At more than 500 pages, Jonathan Lethem’s 2003 novel, “The Fortress of Solitude,” may not seem like the easiest subject for a musical adaptation.

But it’s not an unsuitable choice, rife, as it is, with the sounds of funk, R&B, hip-hop and punk, and a plot that in part concerns a fading soul singer and his troubled son.

Still, telling the story of Dylan and Mingus — two superhero-obsessed boys coming of age in Gowanus in the midst of neighborhood change in the 1970s, ’80s and ’90s — was full of challenges for book writer Itamar Moses and composer/lyricist Michael Friedman, not least of which was bridging the gap between novelistic and dramatic storytelling.

“In a dense 500-page novel like ‘Fortress,’ Lethem can really stretch out and create this gradually flowing tapestry of time and place and incidents and character,” Moses said. “I thought, ‘How do I on the one hand maintain that feeling of covering a lot of time and creating a rich world, and at the same time distill it down to distinct dramatic moments we can experience on stage?'”

Before much music was written, Moses wrote a nearly 200-page version of the script, knowing that the “endless, weirdly-structured mess” would not be used in the end.

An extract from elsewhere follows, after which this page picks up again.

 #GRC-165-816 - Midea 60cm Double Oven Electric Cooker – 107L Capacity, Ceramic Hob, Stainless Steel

Still, Moses said, it was instructive, as it helped him with the “heartbreaking process of deciding what to simply leave out.”

What remains is an ode to a time and place, but not a sugarcoated one: “Fortress” is a tale of loss, artistic frustration and betrayal, colored by rifts in culture and race.

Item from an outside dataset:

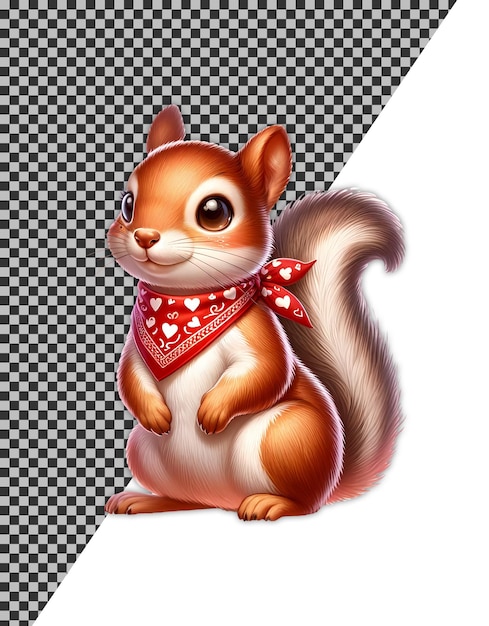 Clipart de ilustración de libro infantil de ardilla linda con pañuelo rojo con corazones blancos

“When I read ‘Fortress,’ it just had an incredibly powerful effect on me. I felt changed by it in a way I couldn’t completely explain,” said Daniel Aukin, who conceived and directed the show.

Aukin got the idea to adapt Lethem’s novel while serving as artistic director of Soho Rep. After securing the stage rights to the material, he enlisted Moses and Friedman to write the show, which debuted in Dallas this March.

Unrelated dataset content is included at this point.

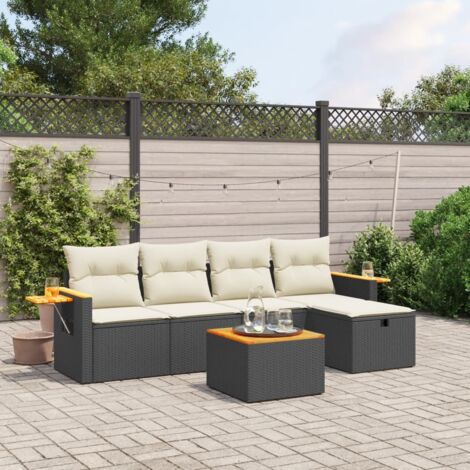 Ensemble Salon Jardin 6 Places Noir Résine Tressée avec Table Acacia et Coussins Crème - Meuble Extérieur Modulaire (1/4)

Moses found the task daunting, but, he said, “the opportunity to work with that source material was something you don’t say no to.”

Fans of Lethem’s will be eager to draw comparisons between his book and the musical, which plays at the Public Theater until Nov. 2, but Aukin wants the show to stand as its own artistic statement.

“We wanted the musical to exist in its own right independent of any knowledge or experience of the novel,” Aukin said. “That was very important to us from the beginning, but it took a long time to get to that place.”